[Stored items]
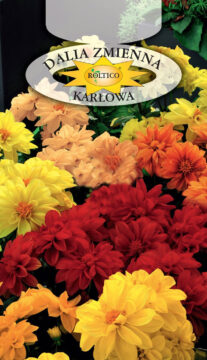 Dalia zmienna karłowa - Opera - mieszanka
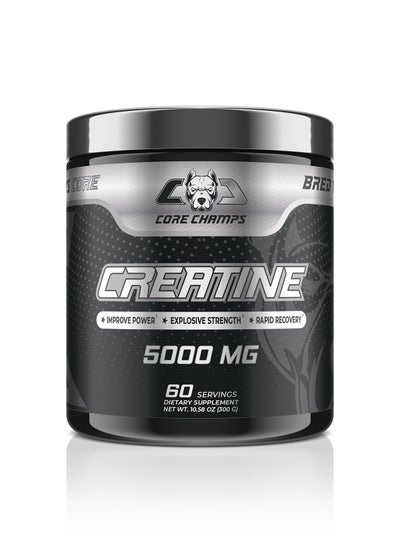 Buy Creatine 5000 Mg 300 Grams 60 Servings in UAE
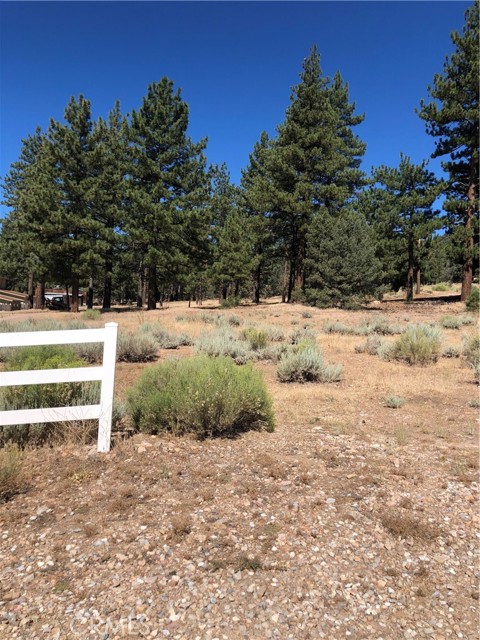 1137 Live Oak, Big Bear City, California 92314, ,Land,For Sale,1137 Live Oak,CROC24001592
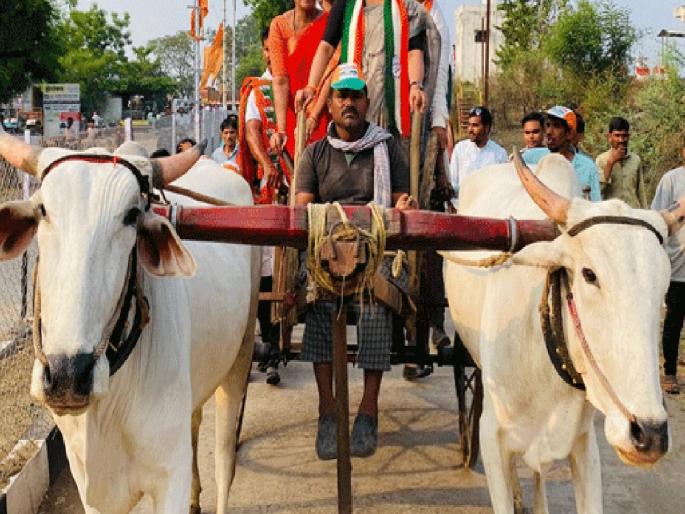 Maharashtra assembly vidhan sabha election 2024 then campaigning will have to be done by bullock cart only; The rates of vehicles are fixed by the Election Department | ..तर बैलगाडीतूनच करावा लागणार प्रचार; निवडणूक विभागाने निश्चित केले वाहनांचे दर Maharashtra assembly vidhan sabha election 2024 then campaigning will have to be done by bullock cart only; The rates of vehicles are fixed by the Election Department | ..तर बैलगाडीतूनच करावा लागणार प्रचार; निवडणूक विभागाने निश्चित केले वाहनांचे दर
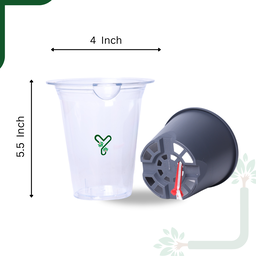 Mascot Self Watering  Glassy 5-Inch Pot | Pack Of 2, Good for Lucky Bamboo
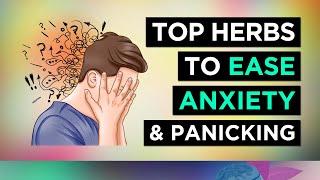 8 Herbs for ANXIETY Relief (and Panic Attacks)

- _ASSIGNMENT_:
Please copy the records above word for word, omitting every picture.

- _SOLVED PROBLEM_:
 Dalia zmienna karłowa - Opera - mieszanka
 Buy Creatine 5000 Mg 300 Grams 60 Servings in UAE
 1137 Live Oak, Big Bear City, California 92314, ,Land,For Sale,1137 Live Oak,CROC24001592
 Maharashtra assembly vidhan sabha election 2024 then campaigning will have to be done by bullock cart only; The rates of vehicles are fixed by the Election Department | ..तर बैलगाडीतूनच करावा लागणार प्रचार; निवडणूक विभागाने निश्चित केले वाहनांचे दर Maharashtra assembly vidhan sabha election 2024 then campaigning will have to be done by bullock cart only; The rates of vehicles are fixed by the Election Department | ..तर बैलगाडीतूनच करावा लागणार प्रचार; निवडणूक विभागाने निश्चित केले वाहनांचे दर
 Mascot Self Watering  Glassy 5-Inch Pot | Pack Of 2, Good for Lucky Bamboo
 8 Herbs for ANXIETY Relief (and Panic Attacks)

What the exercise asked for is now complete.